Judging from the number of folks who read Tuesday's post, there was a lot of interest in the story about a law firm that sent out the confidential information of approximately 8000 Seatle students, most of them special education students.
The Seattle Times carried a story on the incident, which identified the law firm as Preg O’Donnell & Gillett, which has offices in Seattle, Portland and Anchorage. The information was released to a legal guardian of a student in a lawsuit over special education services. The guardian alerted school district officials that he had a received an e-mail containing documents with information about individual students, including whole special-education plans, disciplinary records, student test scores and transportation records with students’ names and home addresses.
The law firm did not respond to emails from The Seattle Times seeking comment.
The school district is asking for assistance from the U.S. Department of Education to investigate how it happened.

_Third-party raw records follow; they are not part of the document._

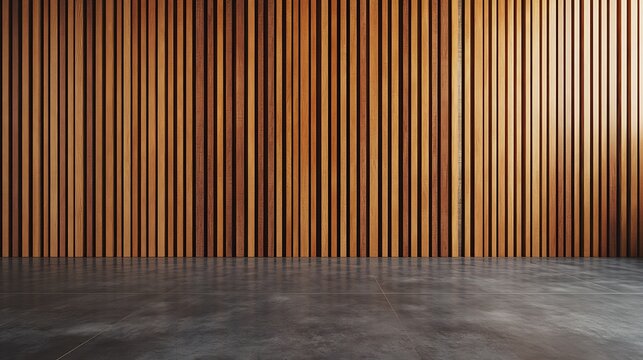 Wall with wood background. Texture of wooden panels made of vertical slats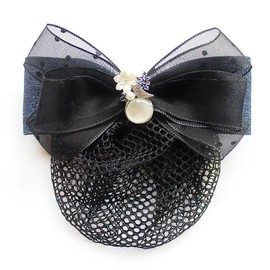 Bowknot Hair Snood Net Barrette Bun Cover Bow Hair Clip Rhinestone Bow Bun Cover Hairnet Elastic Mesh Hair Clips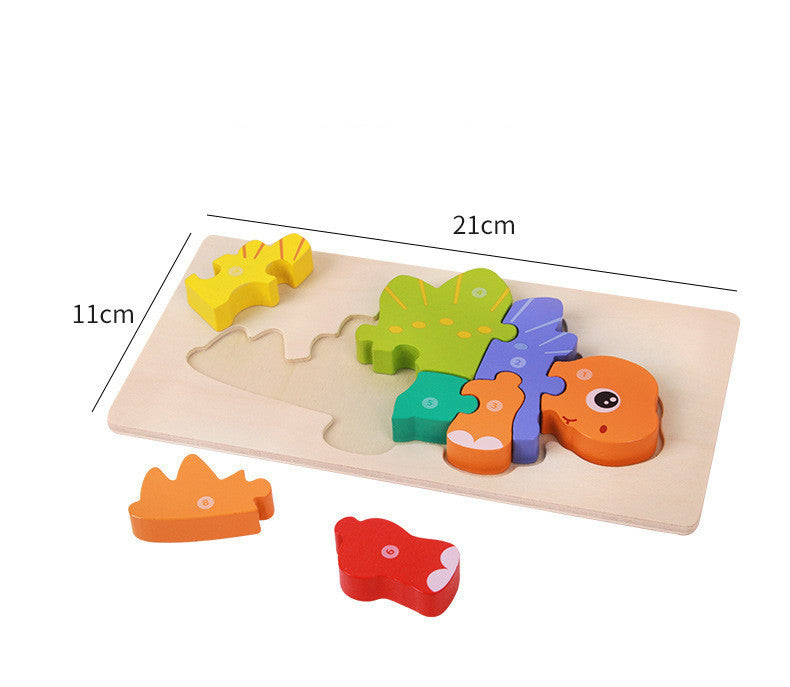 DinoPuzzle Montessori 3D – Rompecabezas Educativo de Madera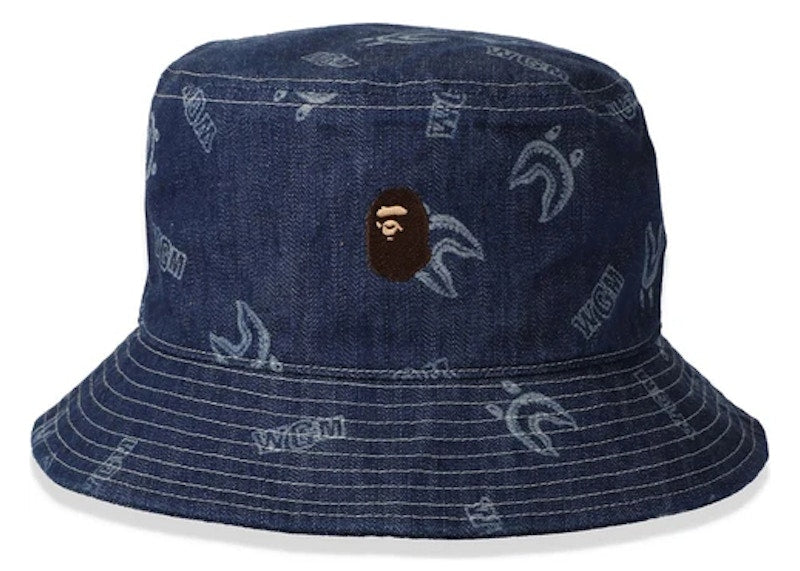 BAPE Shark Pattern Denim Bucket Hat Indigo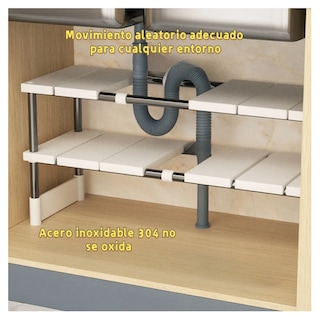 Foto 3 | Foto 3 | Retráctil Y Ajustable Organizador De Estante De Cocina Belug Blanco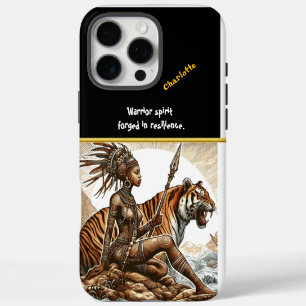 Krijger zat naast een brullende tijger in de natuu iPhone 16 pro max hoesje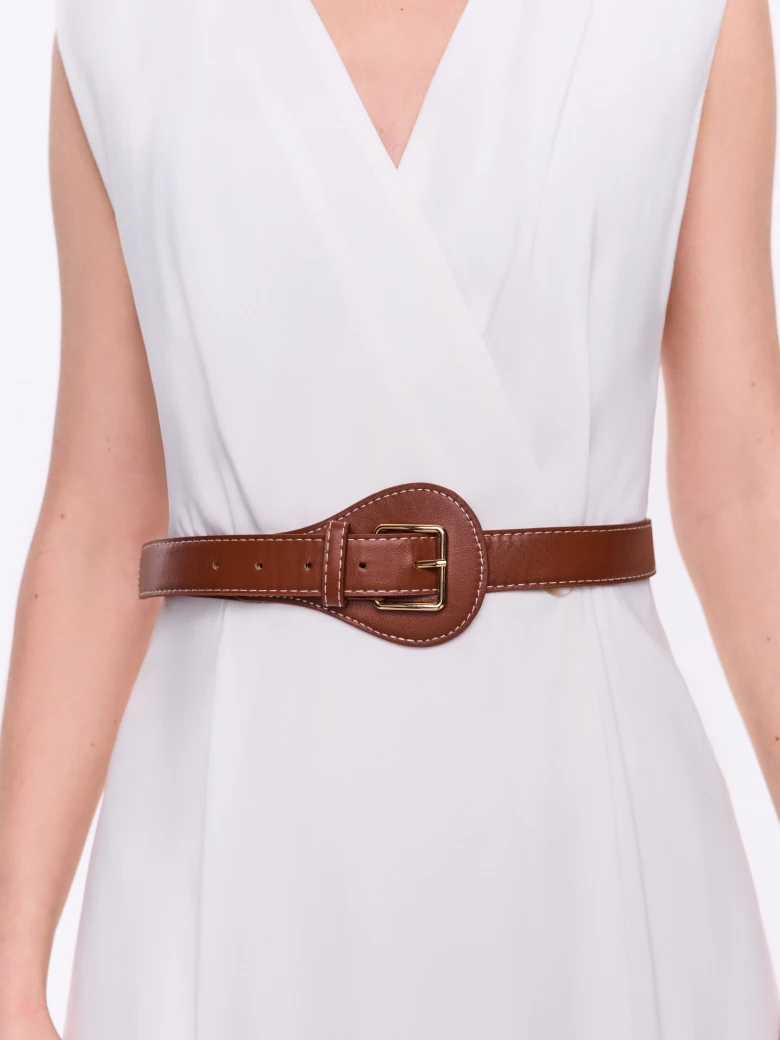 White midi dress with a wrap neckline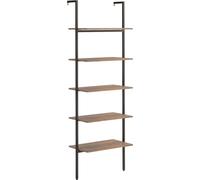 Étagère inclinée à 5 niveaux Marron foncé et noir 64x35x185 cm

The federal Family Educational Rights and Privacy Act protects the privacy of student records for any school receiving money from the U.S. Department of Education.
Although there are some exceptions, lawyers generally must black out confidential student information on documents before providing them to lawyers or anyone else.
The guardian says he that while he doesn’t think the firm deliberately jeopardized students’ personal information, he does suspect that the firm intended to bury him in documents to make his case more difficult to pursue. “I hope that they were just incompetent and not malicious,” he said.
I suspect the firm will not be receiving any further work from the school district.